Dengan bimbingan ilham dari Allah SwT, ibu Musa menyuruh puteri sulungnya, Maryam untuk mengikuti ke mana hanyutnya peti yang berisi adiknya tersebut. Maryam berlari-lari mengawasi peti itu tanpa ada yang mengetahui apa yang dia lakukan. Allah SwT berfirman:

“Dan berkatalah ibu Musa kepada saudara Musa yang perempuan: ‘Ikutilah dia”. Maka kelihatanlah olehnya Musa dari jauh, sedang mereka tidak mengetahuinya.” (Qs Al-Qashash [28]: 11)

Karena bayi perlu menyusu, maka istana mengumumkan pendaftaran ibu susuan. Maka banyaklah ibu-ibu yang sedang menyusui bayinya mendaftar ke istana Fir’aun dengan harapan mendapatkan upah yang lumayan. Tetapi semua ibu yang datang ditolak, karena bayi Musa tidak mau menyusu kepada mereka. Allah SwT berfirman:

“Dan kami cegah Musa dari menyusu kepada perempuan-perempuan yang mau menyusui(nya) sebelum itu; Maka berkatalah saudara Musa: ‘Maukah kamu Aku tunjukkan kepadamu ahlul bait yang akan memeliharanya untukmu dan mereka dapat berlaku baik kepadanya?’” (Qs Al-Qashash [28]: 12)

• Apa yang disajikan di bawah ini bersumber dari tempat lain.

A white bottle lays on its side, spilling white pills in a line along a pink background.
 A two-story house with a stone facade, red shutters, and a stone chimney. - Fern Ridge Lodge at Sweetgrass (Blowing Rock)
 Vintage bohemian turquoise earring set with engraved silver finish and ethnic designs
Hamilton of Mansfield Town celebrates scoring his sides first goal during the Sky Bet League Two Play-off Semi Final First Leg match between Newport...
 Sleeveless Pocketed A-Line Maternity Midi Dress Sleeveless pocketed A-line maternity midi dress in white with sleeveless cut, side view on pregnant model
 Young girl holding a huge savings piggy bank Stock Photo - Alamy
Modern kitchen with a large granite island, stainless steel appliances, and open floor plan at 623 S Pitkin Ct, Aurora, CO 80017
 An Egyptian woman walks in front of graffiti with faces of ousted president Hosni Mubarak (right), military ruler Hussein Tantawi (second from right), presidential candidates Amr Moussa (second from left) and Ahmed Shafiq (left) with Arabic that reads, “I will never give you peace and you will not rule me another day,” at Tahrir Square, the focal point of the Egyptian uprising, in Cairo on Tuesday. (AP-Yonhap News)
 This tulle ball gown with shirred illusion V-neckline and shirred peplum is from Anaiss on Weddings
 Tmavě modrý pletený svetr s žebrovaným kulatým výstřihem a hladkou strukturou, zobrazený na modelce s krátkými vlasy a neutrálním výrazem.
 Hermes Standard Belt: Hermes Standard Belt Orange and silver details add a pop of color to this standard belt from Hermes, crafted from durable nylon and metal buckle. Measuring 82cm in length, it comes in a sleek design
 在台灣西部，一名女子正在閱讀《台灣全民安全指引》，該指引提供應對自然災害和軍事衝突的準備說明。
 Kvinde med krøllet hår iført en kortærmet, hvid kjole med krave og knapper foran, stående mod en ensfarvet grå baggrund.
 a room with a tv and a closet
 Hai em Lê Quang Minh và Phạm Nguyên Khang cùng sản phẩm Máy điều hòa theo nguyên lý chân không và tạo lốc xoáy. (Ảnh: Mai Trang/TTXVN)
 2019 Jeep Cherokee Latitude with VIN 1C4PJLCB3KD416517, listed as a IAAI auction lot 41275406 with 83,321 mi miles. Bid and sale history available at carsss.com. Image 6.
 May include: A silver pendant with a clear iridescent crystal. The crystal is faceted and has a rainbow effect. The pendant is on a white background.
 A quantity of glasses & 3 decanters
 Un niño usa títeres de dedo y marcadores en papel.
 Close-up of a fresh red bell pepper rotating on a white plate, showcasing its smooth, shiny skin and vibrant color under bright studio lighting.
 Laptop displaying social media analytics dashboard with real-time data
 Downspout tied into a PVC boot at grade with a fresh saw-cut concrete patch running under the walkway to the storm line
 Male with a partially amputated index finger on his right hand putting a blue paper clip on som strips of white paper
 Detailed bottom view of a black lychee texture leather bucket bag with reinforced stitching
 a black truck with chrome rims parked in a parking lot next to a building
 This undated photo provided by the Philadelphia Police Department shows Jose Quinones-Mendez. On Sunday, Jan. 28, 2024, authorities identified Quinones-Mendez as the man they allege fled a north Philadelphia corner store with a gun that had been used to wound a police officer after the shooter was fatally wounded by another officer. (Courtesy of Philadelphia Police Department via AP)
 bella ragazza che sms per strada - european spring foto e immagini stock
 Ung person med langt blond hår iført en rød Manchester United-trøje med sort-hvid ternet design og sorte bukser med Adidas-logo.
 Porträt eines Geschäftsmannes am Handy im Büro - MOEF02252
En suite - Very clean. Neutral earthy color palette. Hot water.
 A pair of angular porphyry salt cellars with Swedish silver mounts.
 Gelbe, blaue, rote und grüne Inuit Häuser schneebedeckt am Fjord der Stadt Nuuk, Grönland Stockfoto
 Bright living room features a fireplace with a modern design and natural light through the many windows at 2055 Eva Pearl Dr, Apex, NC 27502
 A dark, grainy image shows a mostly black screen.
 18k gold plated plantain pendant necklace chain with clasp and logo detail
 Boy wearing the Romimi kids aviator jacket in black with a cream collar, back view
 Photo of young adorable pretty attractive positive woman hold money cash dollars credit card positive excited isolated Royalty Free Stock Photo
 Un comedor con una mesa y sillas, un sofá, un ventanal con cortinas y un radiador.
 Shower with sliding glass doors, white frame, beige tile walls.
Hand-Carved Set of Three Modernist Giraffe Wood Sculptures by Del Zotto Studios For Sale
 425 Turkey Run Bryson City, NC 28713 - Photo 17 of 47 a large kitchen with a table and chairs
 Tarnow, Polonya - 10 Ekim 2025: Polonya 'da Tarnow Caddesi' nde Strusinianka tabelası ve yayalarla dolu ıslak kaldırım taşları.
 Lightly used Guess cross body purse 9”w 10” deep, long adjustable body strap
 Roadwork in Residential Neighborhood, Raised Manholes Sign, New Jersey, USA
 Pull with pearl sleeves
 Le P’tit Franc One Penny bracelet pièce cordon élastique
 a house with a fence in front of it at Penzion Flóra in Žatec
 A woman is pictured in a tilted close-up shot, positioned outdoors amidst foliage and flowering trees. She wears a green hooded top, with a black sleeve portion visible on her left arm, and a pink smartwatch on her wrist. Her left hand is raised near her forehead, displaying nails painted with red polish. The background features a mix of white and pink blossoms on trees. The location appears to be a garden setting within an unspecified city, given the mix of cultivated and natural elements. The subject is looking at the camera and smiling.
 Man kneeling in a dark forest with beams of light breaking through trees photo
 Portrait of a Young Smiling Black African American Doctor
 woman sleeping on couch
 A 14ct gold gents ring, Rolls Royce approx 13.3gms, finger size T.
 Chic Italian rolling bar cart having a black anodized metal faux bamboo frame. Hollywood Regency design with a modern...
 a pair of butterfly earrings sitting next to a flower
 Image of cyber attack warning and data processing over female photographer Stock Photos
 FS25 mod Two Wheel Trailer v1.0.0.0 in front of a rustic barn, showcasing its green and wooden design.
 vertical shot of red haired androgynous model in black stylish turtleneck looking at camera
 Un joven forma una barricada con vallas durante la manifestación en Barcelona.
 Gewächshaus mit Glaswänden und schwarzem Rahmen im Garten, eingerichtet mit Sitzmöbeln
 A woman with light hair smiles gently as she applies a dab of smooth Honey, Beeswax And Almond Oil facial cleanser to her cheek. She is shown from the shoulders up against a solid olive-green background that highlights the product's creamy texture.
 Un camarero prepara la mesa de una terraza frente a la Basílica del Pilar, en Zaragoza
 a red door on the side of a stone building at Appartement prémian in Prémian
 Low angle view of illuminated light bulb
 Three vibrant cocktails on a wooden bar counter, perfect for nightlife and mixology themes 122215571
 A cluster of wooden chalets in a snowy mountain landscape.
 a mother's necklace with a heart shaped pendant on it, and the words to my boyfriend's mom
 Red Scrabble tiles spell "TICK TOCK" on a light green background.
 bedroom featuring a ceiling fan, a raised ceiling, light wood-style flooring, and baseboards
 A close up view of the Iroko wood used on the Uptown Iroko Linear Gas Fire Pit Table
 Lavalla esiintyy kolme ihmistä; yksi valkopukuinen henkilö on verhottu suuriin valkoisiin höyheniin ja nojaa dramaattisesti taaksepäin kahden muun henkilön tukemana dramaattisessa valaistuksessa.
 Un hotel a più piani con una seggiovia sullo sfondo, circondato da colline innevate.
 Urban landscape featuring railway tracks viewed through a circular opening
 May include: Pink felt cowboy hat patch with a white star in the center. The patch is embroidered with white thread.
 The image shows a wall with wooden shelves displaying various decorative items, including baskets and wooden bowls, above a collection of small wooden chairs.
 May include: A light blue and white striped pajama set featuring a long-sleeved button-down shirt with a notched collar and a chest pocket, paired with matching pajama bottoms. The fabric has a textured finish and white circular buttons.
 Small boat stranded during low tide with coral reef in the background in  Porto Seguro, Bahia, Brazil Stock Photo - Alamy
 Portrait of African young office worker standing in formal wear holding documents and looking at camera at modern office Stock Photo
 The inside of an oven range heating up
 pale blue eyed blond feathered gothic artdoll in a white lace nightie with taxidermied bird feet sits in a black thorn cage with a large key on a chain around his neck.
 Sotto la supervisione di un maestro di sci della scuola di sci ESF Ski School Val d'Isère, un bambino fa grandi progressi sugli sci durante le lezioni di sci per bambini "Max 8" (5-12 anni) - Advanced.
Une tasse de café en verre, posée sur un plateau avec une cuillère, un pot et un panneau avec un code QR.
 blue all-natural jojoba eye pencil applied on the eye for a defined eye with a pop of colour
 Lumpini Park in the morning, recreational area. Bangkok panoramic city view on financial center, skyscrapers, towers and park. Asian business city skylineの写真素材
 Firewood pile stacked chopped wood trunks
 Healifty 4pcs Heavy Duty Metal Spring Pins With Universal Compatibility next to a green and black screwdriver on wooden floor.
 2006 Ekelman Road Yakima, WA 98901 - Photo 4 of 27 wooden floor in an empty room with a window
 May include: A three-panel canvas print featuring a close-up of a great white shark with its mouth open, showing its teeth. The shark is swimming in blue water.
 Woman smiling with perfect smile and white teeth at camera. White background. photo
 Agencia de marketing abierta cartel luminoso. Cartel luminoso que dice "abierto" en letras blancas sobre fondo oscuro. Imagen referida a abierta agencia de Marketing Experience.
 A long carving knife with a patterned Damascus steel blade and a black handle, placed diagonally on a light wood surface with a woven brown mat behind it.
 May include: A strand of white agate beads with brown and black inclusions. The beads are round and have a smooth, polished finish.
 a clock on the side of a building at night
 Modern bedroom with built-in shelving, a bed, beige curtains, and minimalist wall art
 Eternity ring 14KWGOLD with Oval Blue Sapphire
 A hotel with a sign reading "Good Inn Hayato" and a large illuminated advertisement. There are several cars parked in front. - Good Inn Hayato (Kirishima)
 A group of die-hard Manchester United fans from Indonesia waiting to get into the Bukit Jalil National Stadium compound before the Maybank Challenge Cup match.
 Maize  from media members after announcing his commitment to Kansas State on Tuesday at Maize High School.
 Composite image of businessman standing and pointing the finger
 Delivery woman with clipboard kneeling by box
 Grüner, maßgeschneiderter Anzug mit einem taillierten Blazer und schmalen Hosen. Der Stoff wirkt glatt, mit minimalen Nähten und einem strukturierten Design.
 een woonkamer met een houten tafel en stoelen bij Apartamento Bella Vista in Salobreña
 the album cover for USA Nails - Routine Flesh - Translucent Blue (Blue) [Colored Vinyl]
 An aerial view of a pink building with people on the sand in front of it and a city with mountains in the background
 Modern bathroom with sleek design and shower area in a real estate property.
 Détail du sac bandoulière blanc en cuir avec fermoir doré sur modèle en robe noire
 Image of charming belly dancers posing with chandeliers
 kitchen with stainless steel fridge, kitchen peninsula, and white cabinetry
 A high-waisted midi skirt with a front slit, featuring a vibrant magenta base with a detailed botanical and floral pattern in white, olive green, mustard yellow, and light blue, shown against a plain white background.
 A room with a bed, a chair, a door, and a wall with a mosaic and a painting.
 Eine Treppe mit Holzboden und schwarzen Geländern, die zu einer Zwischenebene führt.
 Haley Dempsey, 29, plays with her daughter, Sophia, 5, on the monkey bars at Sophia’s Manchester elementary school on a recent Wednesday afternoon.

Lalu Maryam, kakak perempuan Musa datang menawarkan ibunya. Lalu ibunya datang ke istana menyusui Musa, dan tentu saja bayi Musa mau menyusu kepada ibu kandungnya sendiri. Begitulah kuasa Allah mengatur segalanya, sehingga segera Musa dikembalikan kepada ibunya. Allah SwT berfirman:


“Maka kami kembalikan Musa kepada ibunya, supaya senang hatinya dan tidak berduka cita dan supaya ia mengetahui bahwa janji Allah itu adalah benar, tetapi kebanyakan manusia tidak mengetahuinya.” (Qs Al-Qashash [28]: 13)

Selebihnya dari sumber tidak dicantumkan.